--- EXTRACTED MATERIAL ---

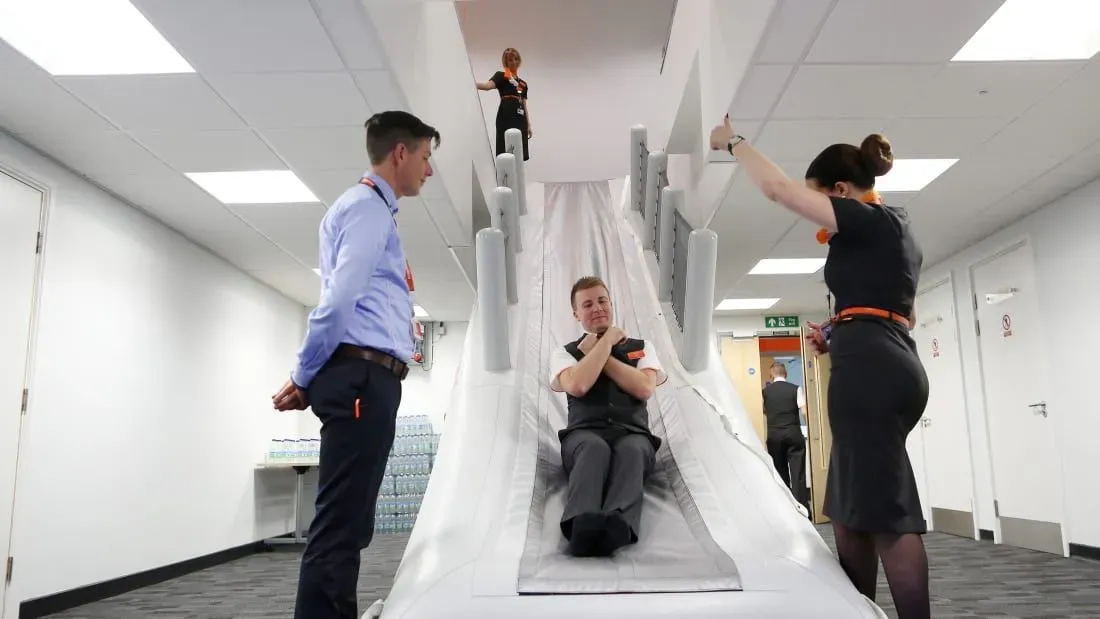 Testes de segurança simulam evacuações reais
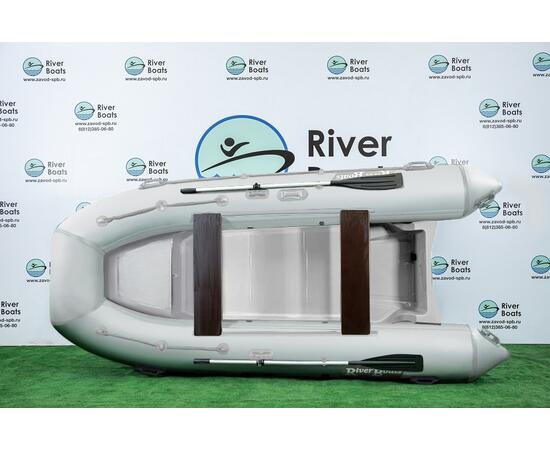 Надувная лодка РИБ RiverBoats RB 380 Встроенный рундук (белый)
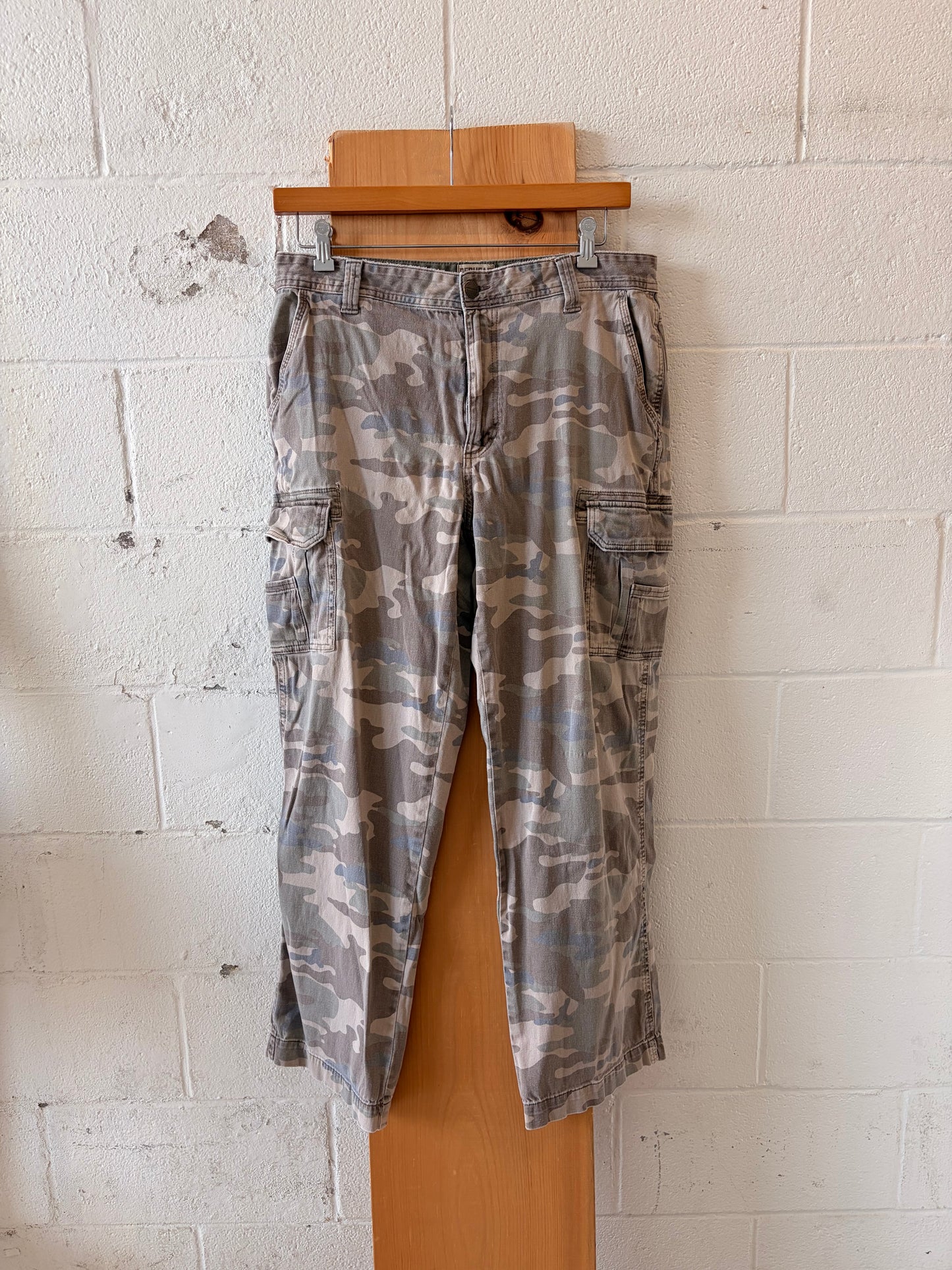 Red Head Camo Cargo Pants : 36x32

---
--- EXTRACTED MATERIAL ---

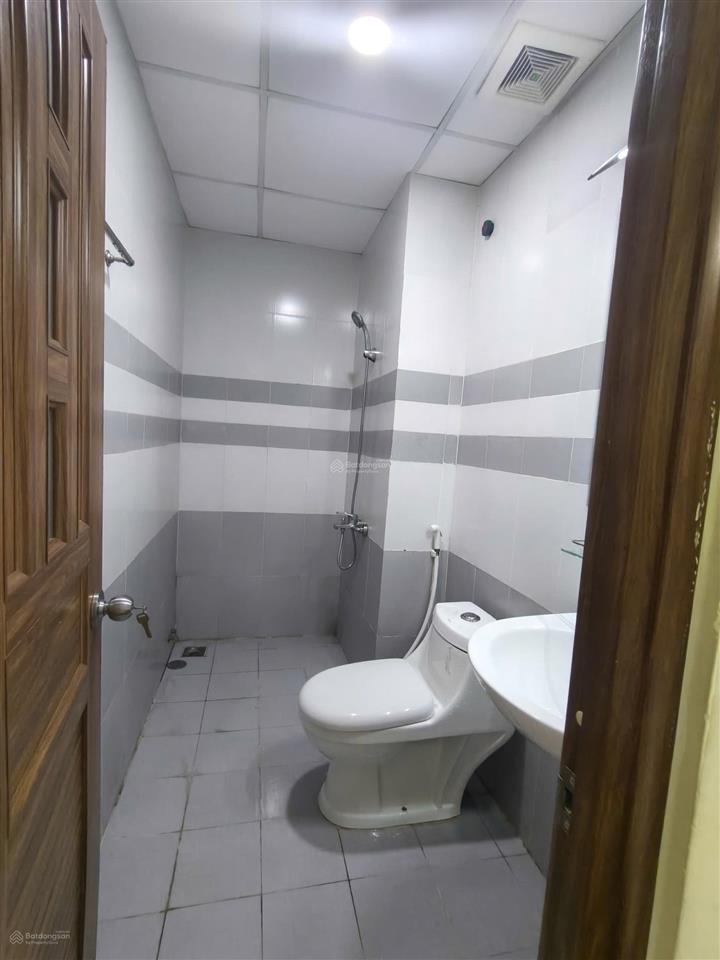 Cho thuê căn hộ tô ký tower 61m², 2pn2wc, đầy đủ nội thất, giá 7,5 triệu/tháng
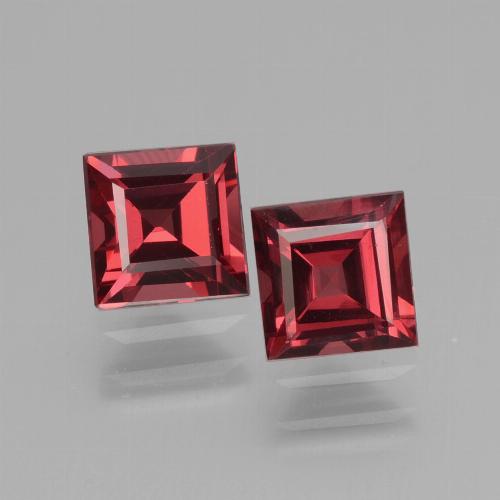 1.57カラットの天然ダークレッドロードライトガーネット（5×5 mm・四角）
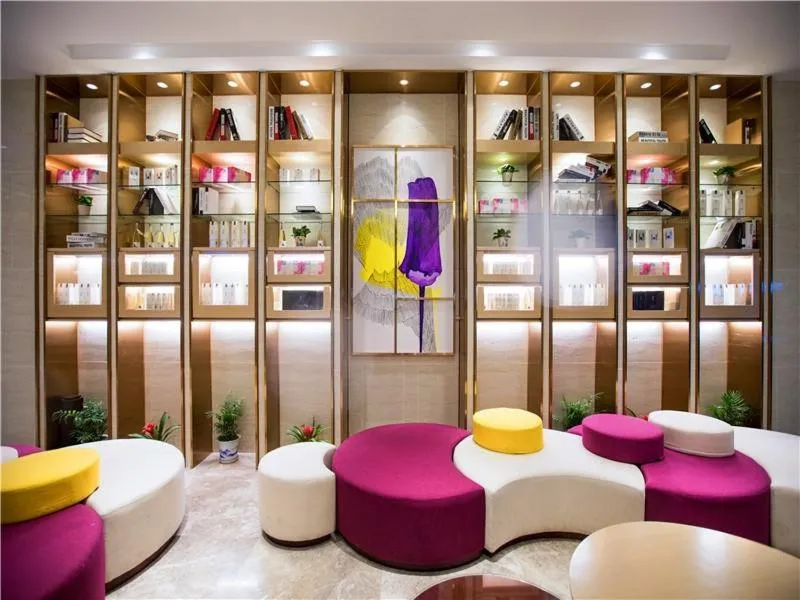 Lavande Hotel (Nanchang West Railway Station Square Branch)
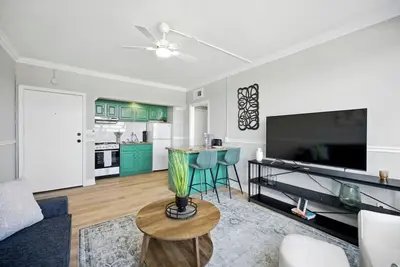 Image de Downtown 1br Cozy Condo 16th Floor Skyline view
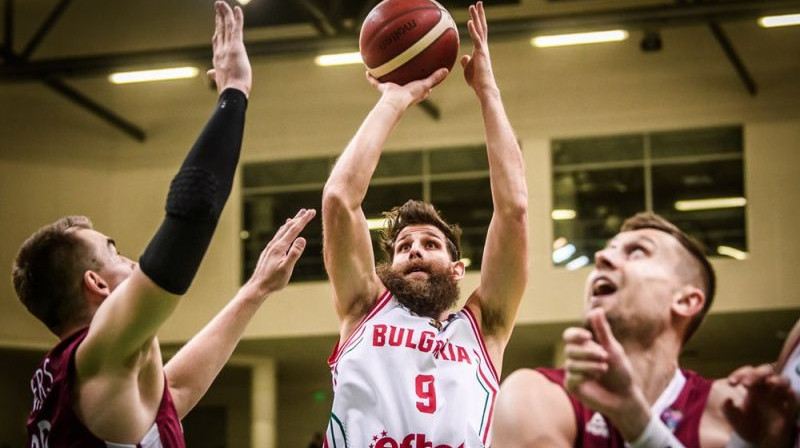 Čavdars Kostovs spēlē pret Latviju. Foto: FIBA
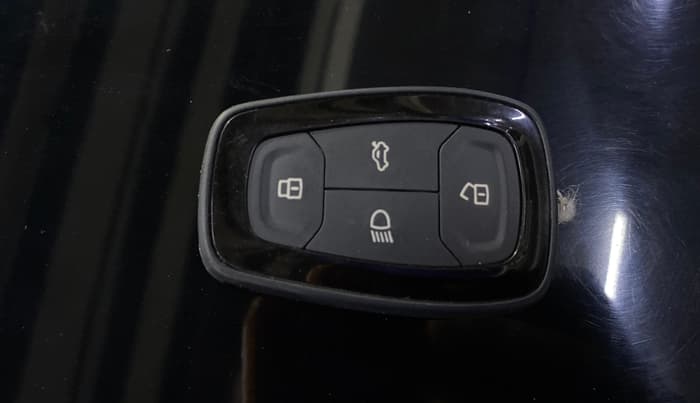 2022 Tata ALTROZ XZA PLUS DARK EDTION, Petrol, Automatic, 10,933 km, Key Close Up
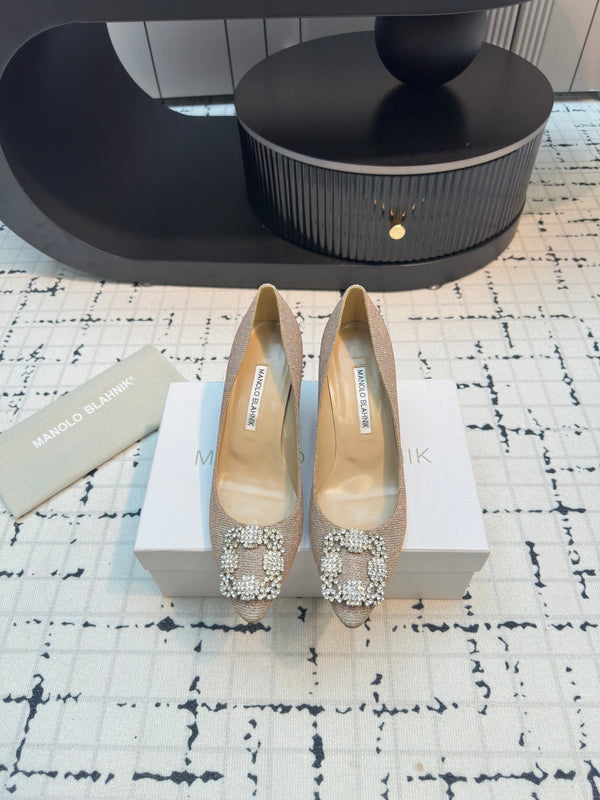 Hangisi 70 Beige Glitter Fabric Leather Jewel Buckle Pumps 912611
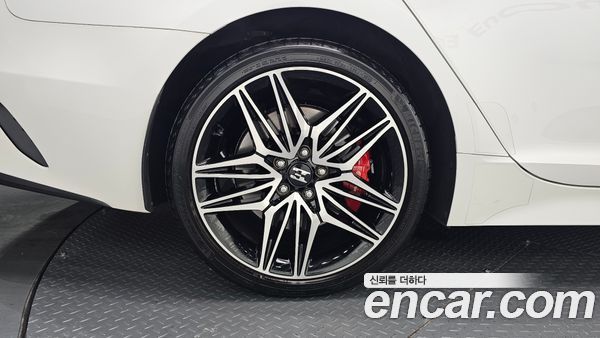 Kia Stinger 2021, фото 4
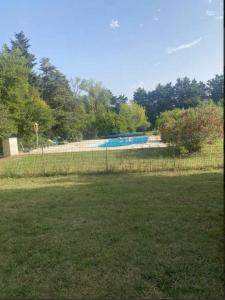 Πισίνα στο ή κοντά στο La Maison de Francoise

---
--- EXTRACTED MATERIAL ---

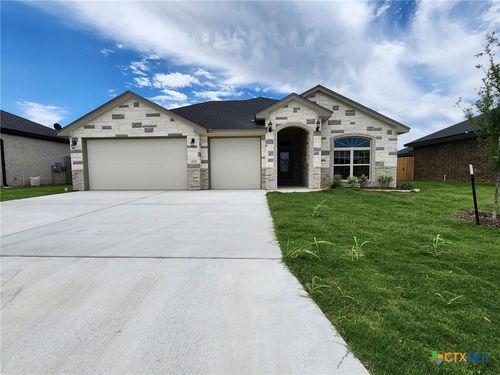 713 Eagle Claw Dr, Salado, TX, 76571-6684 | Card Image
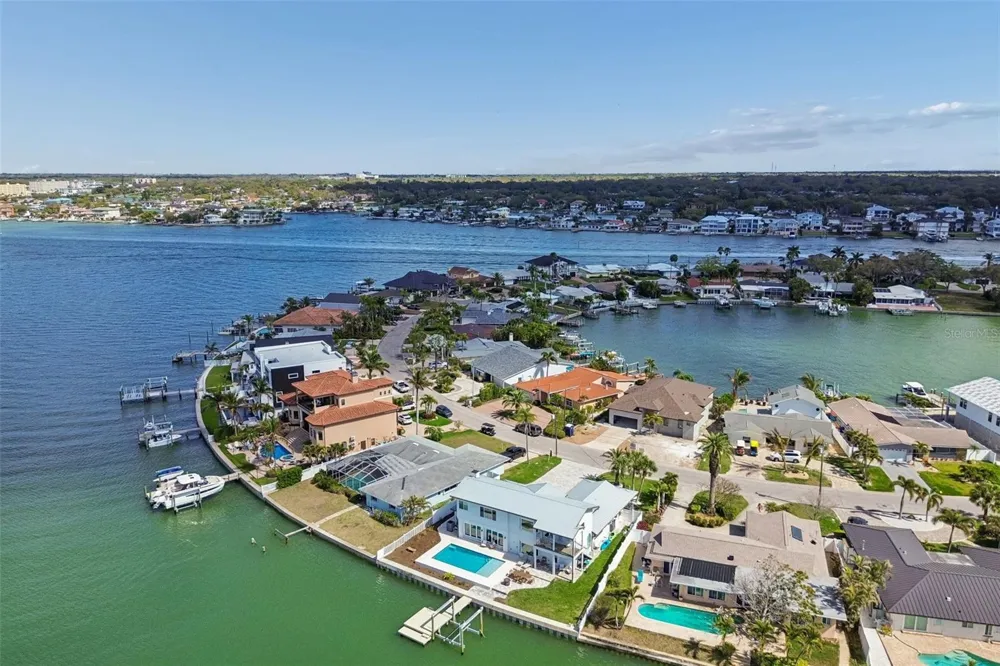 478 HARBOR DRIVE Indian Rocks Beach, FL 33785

---

= ASSIGNMENT =
For the material above, give again only the lines starting at the line that contains "Cho thuê căn" and ending at the line that contains "Πισίνα στο ή". Pictures do not belong in the copy.

= EXERCISE RESULT =
 Cho thuê căn hộ tô ký tower 61m², 2pn2wc, đầy đủ nội thất, giá 7,5 triệu/tháng
 1.57カラットの天然ダークレッドロードライトガーネット（5×5 mm・四角）
 Lavande Hotel (Nanchang West Railway Station Square Branch)
 Image de Downtown 1br Cozy Condo 16th Floor Skyline view
 Čavdars Kostovs spēlē pret Latviju. Foto: FIBA
 2022 Tata ALTROZ XZA PLUS DARK EDTION, Petrol, Automatic, 10,933 km, Key Close Up
 Hangisi 70 Beige Glitter Fabric Leather Jewel Buckle Pumps 912611
 Kia Stinger 2021, фото 4
 Πισίνα στο ή κοντά στο La Maison de Francoise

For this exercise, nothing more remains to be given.